Only the pictures should be dropped; every line of the data must come back exactly as written.

────────────────

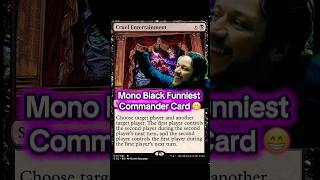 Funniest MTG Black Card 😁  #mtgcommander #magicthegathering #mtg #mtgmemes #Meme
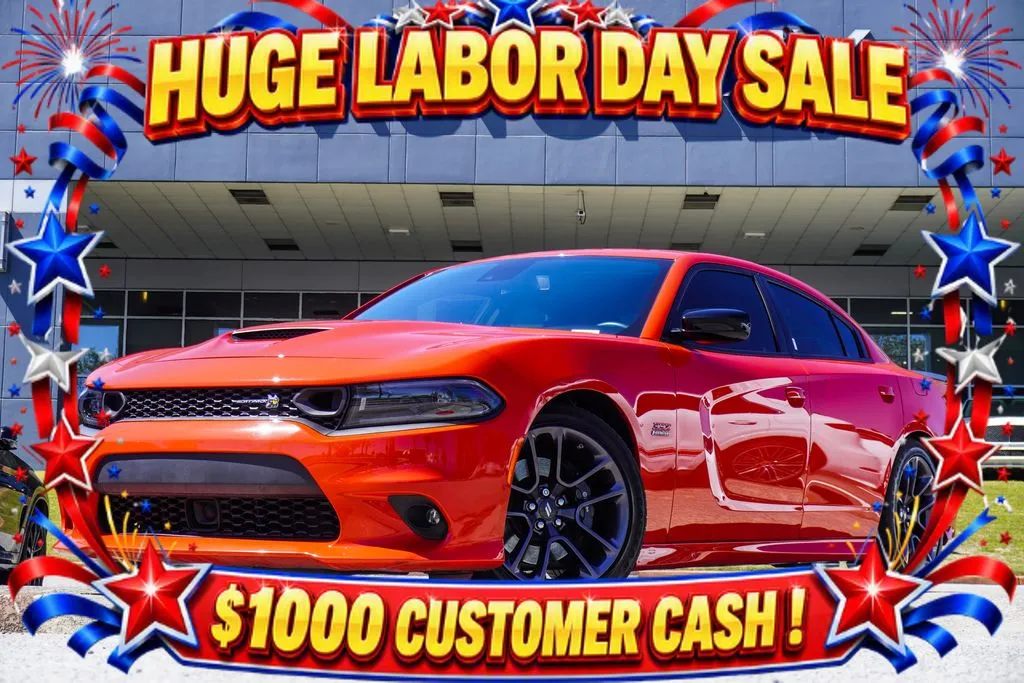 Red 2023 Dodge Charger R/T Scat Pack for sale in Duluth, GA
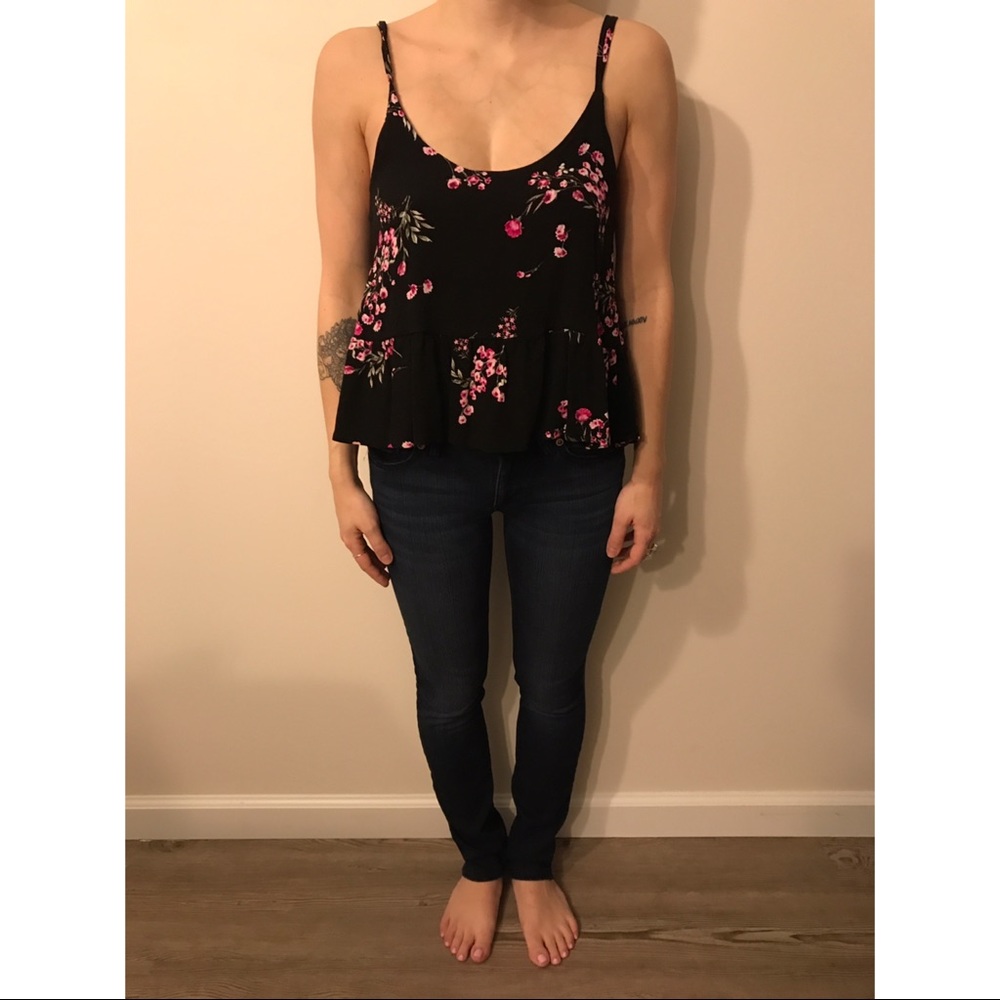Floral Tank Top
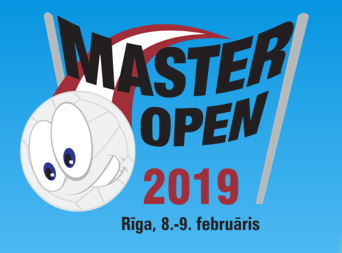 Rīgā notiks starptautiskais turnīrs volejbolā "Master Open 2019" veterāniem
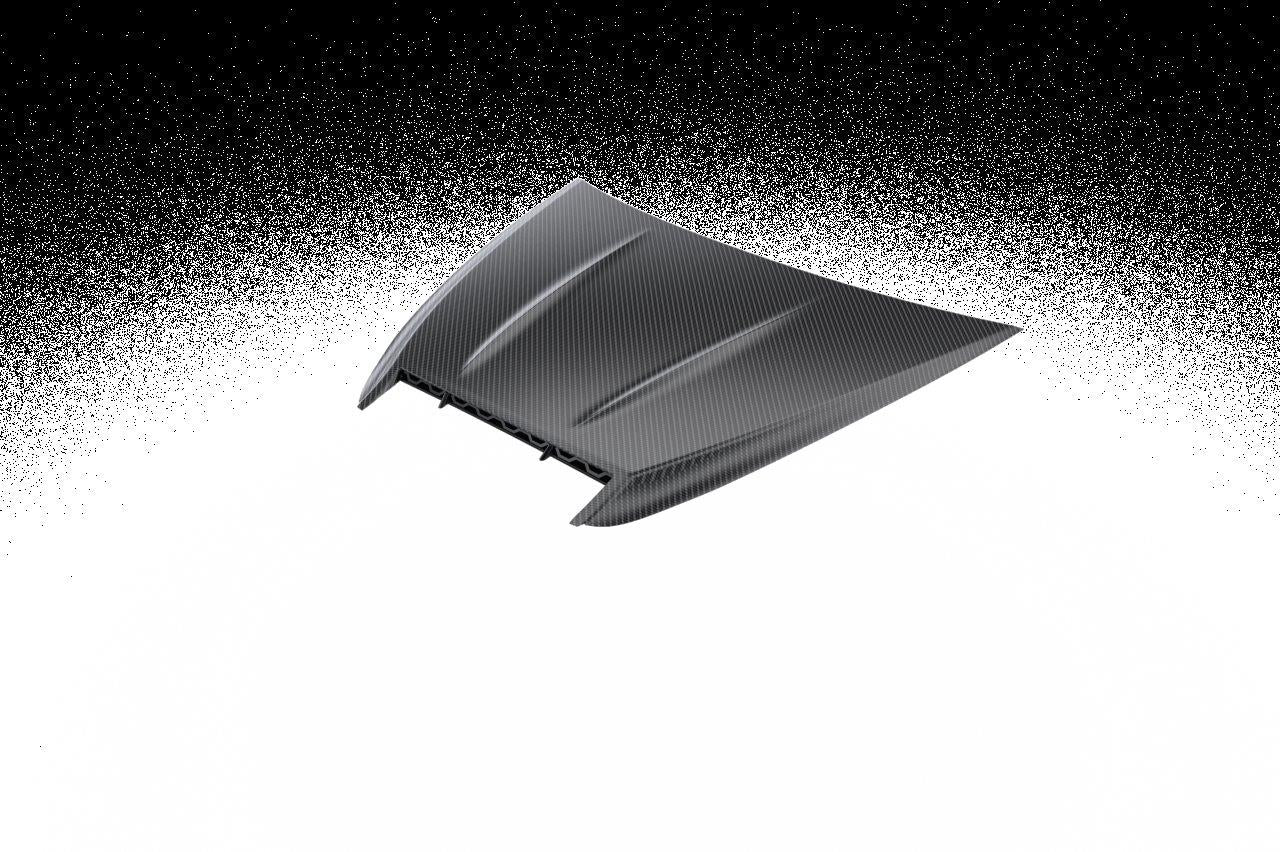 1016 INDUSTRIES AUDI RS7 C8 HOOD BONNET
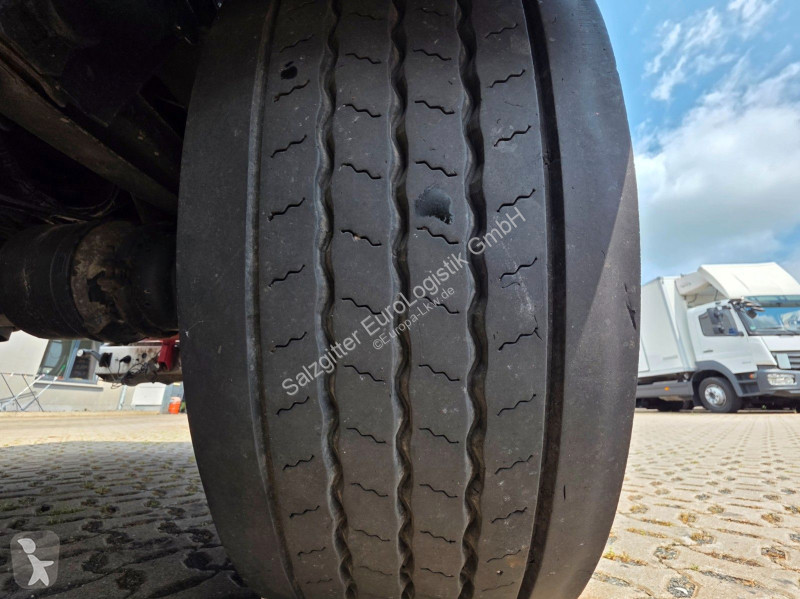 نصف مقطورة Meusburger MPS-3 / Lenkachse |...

────────────────

ANSWER ->
 Funniest MTG Black Card 😁  #mtgcommander #magicthegathering #mtg #mtgmemes #Meme
 Red 2023 Dodge Charger R/T Scat Pack for sale in Duluth, GA
Floral Tank Top
 Rīgā notiks starptautiskais turnīrs volejbolā "Master Open 2019" veterāniem
 1016 INDUSTRIES AUDI RS7 C8 HOOD BONNET
 نصف مقطورة Meusburger MPS-3 / Lenkachse |...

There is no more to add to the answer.